Design and Implementation of a Scalable Delay Message Service Using Apache BookKeeper

Background – QMQ’s original delay‑message service stored pending messages on local disks in a master‑slave architecture, which suffered from stateful scaling, manual failover, and lack of consistency coordination.

Pain Points – The service could not elastically scale, required manual master‑slave switching on failures, and lacked a consistency coordinator.

Solution Overview – The team introduced Apache BookKeeper as a distributed, highly‑available storage layer, separating the message business tier from storage, making the delay service stateless and container‑friendly.

BookKeeper Basics – BookKeeper provides a scalable, fault‑tolerant, low‑latency, strongly consistent storage service.
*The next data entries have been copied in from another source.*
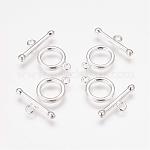 Brass Toggle Clasps, Silver Color Plated, Ring: 11x2mm, Bar: 19x2mm, Hole: 1.8mm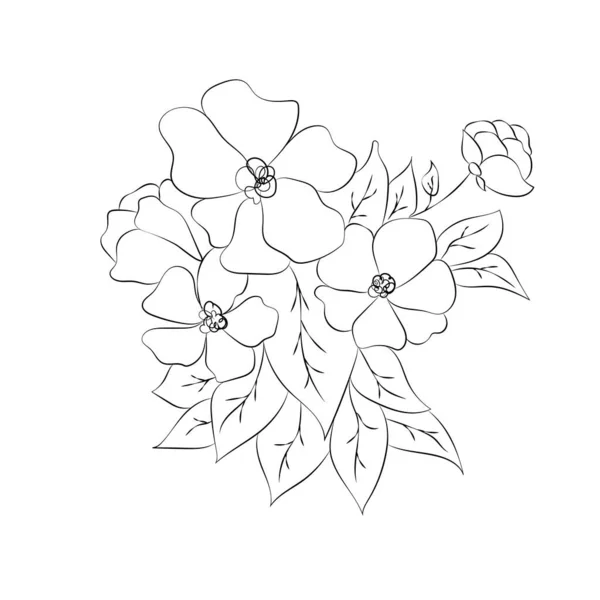 Sommar Trädgård Blommande Blommor Enfärgad Illustration Skiss Handritade — Stock vektor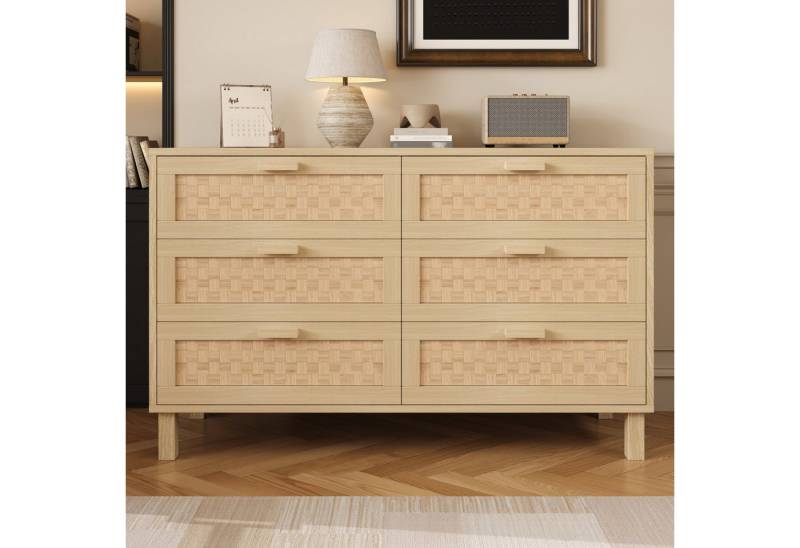 Odikalo Sideboard Kommode Anrichte Schließfach Schubladen Stauraum Rattanoptik Natur von Odikalo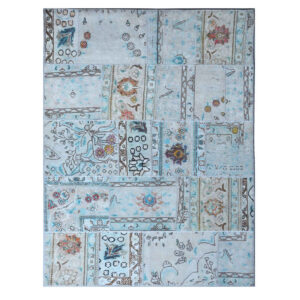 Vintage Persian Hand-Knotted Patchwork Carpet Amiran
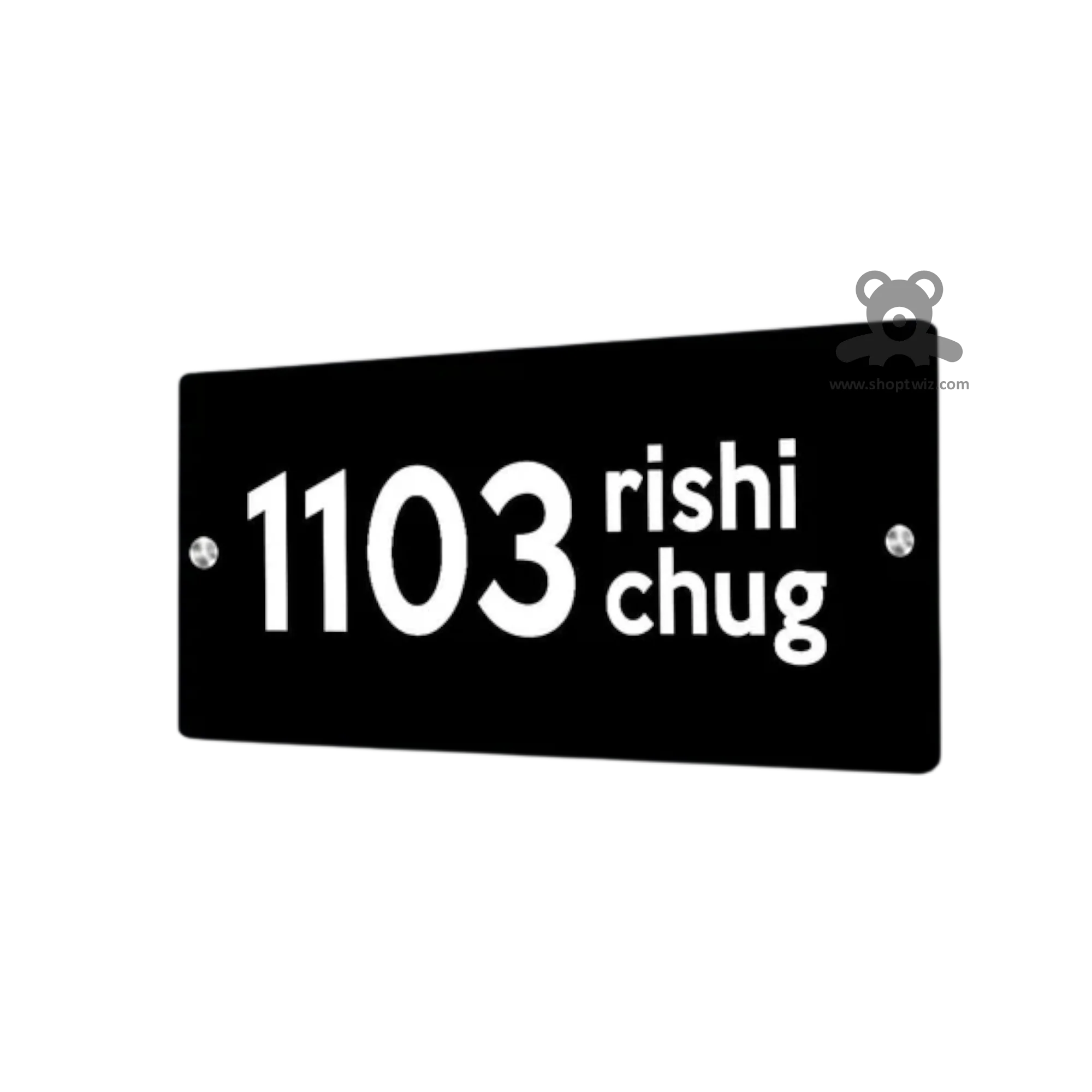 ShopTwiz Rectangle Black Acrylic and White Letters Name Plate for House and Office - Image 2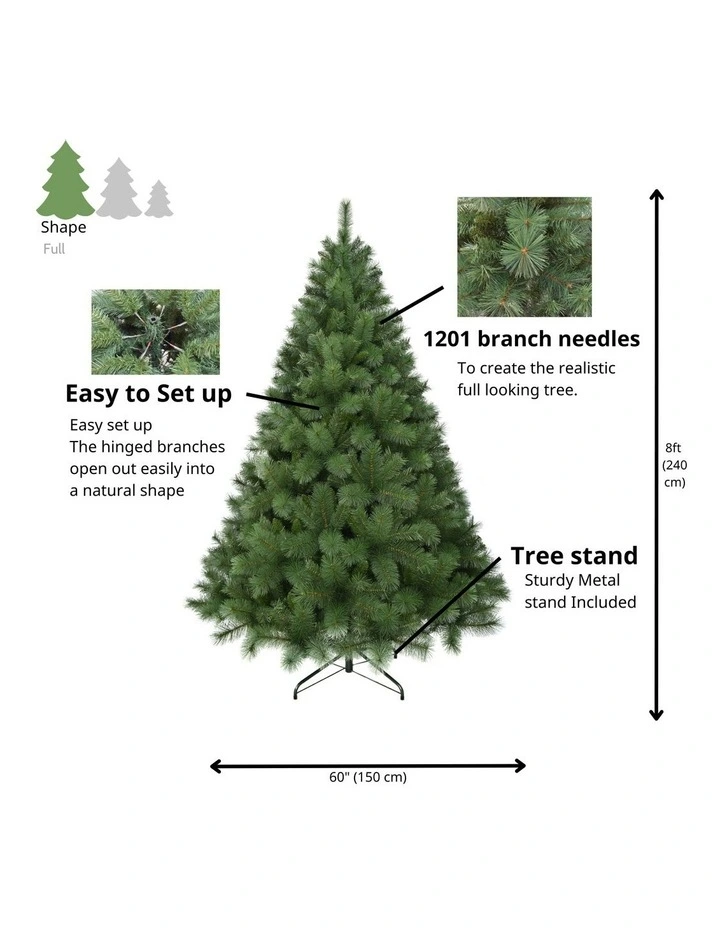 Deluxe Reno 240cm Pine Tree 1201 tips in Green image 3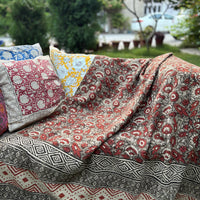 Hand Block Kalamkari Sofa Throw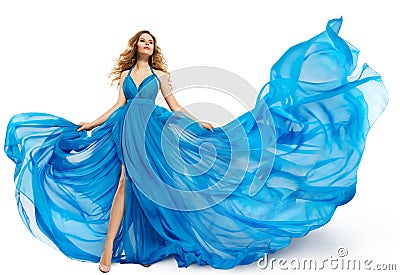 Woman Flying Blue Dress, Fashion Model Dancing in Long Waving Gown, Fluttering Fabric on White Stock Photo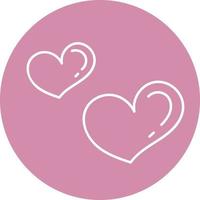 Two pink hearts, illustration, vector on white background.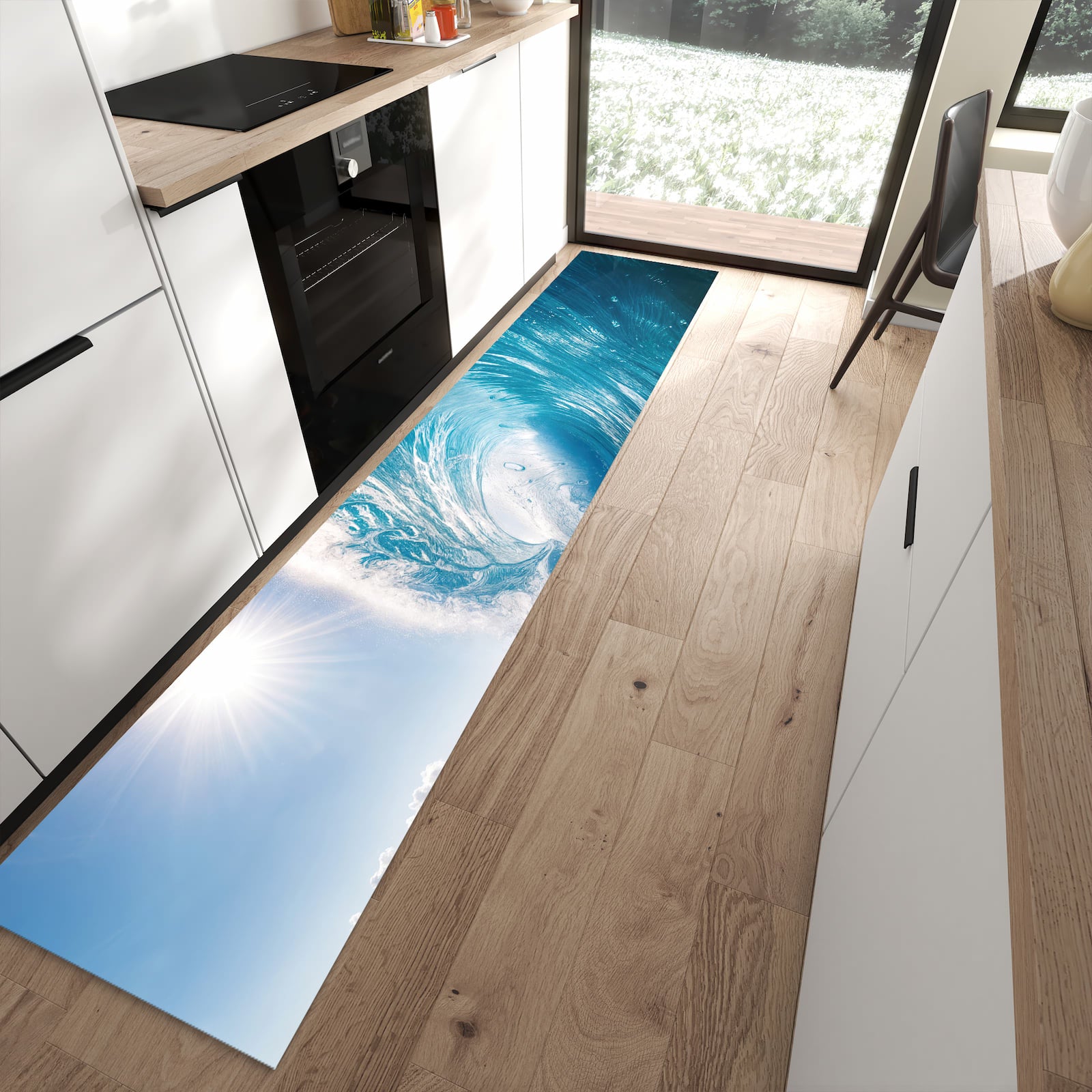 Rutschfester Küchenläufer mit Motiv Riesige Welle Strand für Ordnung in moderner Küche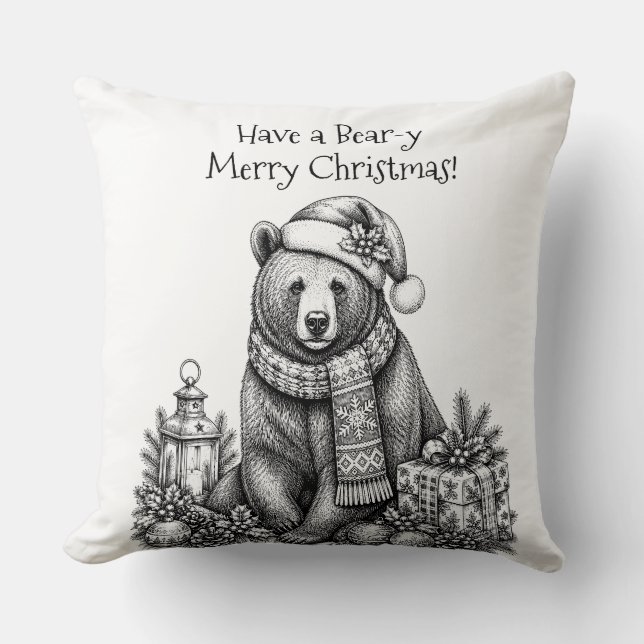 Have a Bear-y Merry Christmas Throw Pillow (Front)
It relies on a ZooKeeper ensemble for metadata and node discovery, Bookie nodes for data storage, and a “fat client” that directly communicates with both ZooKeeper and BookKeeper clusters.

Key Features

Entry, Ledger, Bookie, and Ensemble concepts define the data model.

Writes are replicated across an ensemble; reads follow the same order, ensuring consistency via the Last Add Confirmed (LAC) mechanism.

Fault tolerance is achieved through writer crash recovery, ensemble replacement, and bookie recovery.

Load balancing occurs automatically when new bookies are added.

Zone‑Aware Multi‑Center Disaster Recovery – By enabling a zone‑aware ensemble replacement policy, replicas are distributed across multiple availability zones. The policy requires that the ensemble size (E) be divisible by the replication factor (Qw) and that Qw exceeds the minimum number of zones.

Example configuration:

minNumOfZones = 2
desiredNumZones = 3
E = 6
Qw = 3
[z1, z2, z3, z1, z2, z3]

When a zone fails, the ensemble is rebuilt to satisfy the constraints while still preserving two‑zone redundancy.

Configurable DNS Resolver – To map bookie IPs to zones, a simple DNS resolver was implemented. Example Java code:

public class ConfigurableDNSToSwitchMapping extends AbstractDNSToSwitchMapping {
    private final Map
mappings = Maps.newHashMap();
    public ConfigurableDNSToSwitchMapping() {
        mappings.put("192.168.0.1", "/z1/192.168.0.1");
        mappings.put("192.168.1.1", "/z2/192.168.1.1");
        mappings.put("192.168.2.1", "/z3/192.168.2.1");
    }
    @Override
    public boolean useHostName() { return false; }
    @Override
    public List
resolve(List
names) {
        List
rNames = Lists.newArrayList();
        names.forEach(name -> {
            String rName = mappings.getOrDefault(name, "/default-zone/default-upgradedomain");
            rNames.add(rName);
        });
        return rNames;
    }
}

Stateless Refactoring – With storage externalized, the business layer becomes stateless. However, BookKeeper does not support shared writes to the same ledger, and readers have independent progress. To address this, a task coordinator based on ZooKeeper leader election was introduced to allocate storage shards to workers, ensuring exclusive read/write access and balanced distribution.

Multi‑Level Sliding Time‑Bucket Scheduler – The original design used many 10‑minute buckets, causing scalability and latency issues. A new scheduler uses four levels (L3w, L2d, L1h, L0m) with bucket sizes of 1 week, 1 day, 1 hour, and 1 minute respectively, reducing the total bucket count from >100 000 to 286 while preserving a two‑year scheduling horizon.

Each level delegates writes to a higher‑level scheduler when possible; otherwise it handles the write locally or passes it down. Near‑term buckets are pre‑loaded and forwarded to the next level, enabling fine‑grained (1‑minute) dispatch without loading large amounts of data into memory.

Future Plans – Deploy BookKeeper clusters on Kubernetes for easier scaling, improve governance tooling, and extend disaster‑recovery capabilities beyond intra‑region to cross‑region and hybrid cloud scenarios.